Records supplied:
--------------------------------------------------
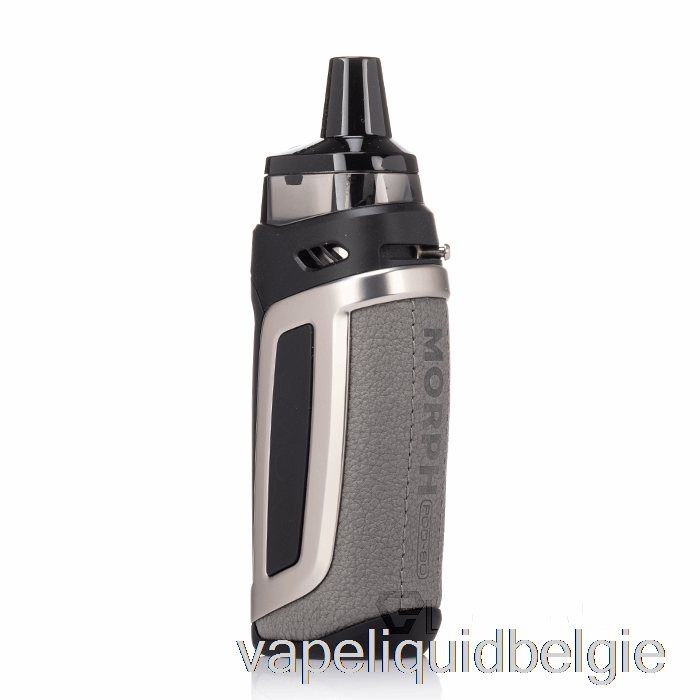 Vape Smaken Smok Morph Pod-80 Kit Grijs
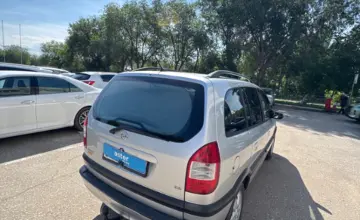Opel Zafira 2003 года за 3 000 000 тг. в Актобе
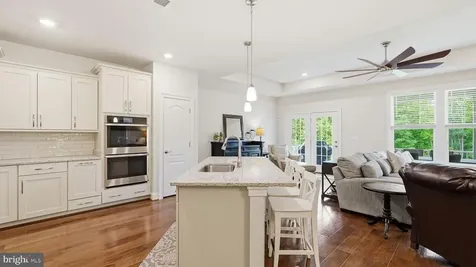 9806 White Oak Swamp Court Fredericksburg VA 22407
--------------------------------------------------
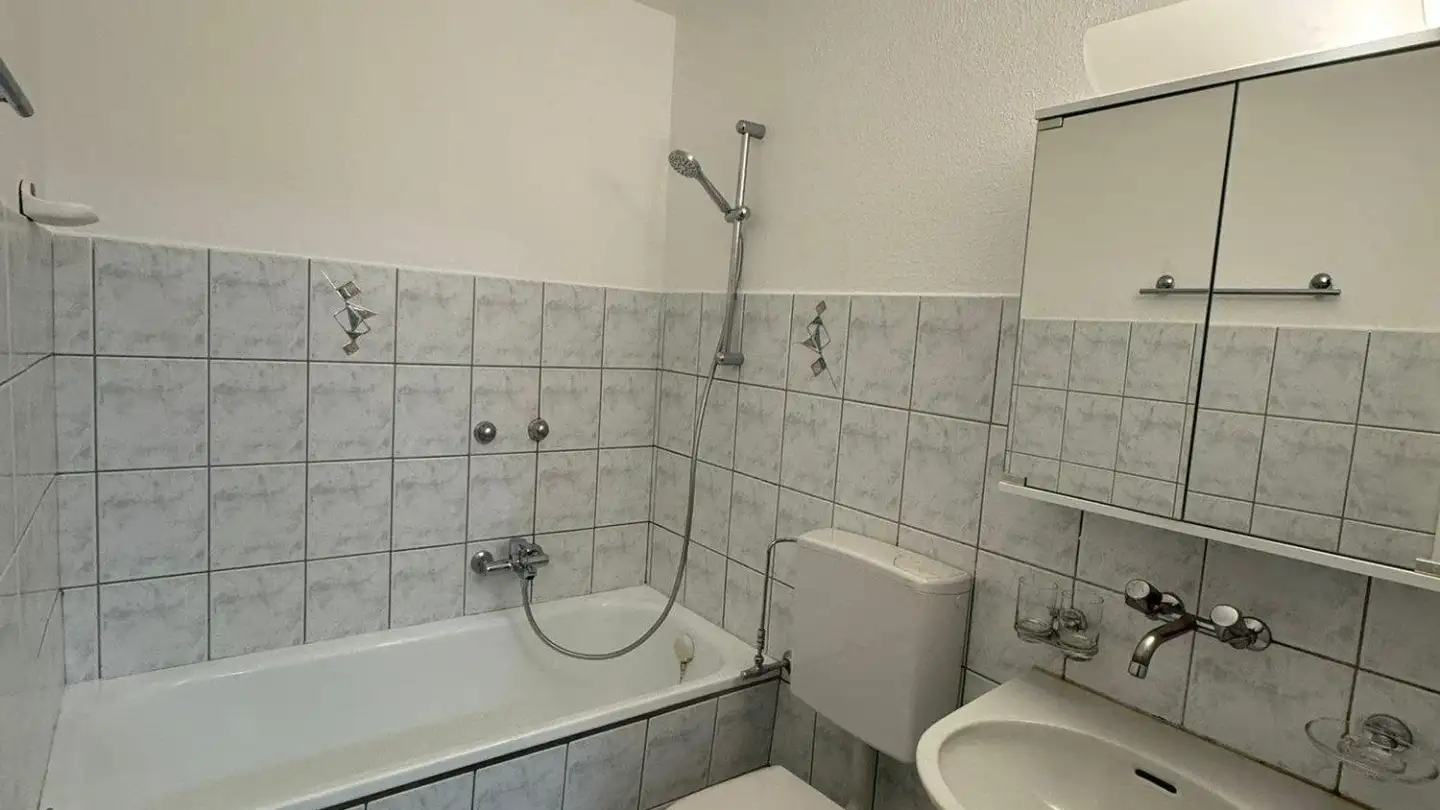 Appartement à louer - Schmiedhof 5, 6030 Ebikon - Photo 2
--------------------------------------------------
Exercise: Look above for the line with "Vape Smaken Smok Morph Pod-80 Kit Grijs" and the line with "9806 White Oak", then restate exactly those two lines and all lines between them, with no pictures.

Your solution:
 Vape Smaken Smok Morph Pod-80 Kit Grijs
Opel Zafira 2003 года за 3 000 000 тг. в Актобе
 9806 White Oak Swamp Court Fredericksburg VA 22407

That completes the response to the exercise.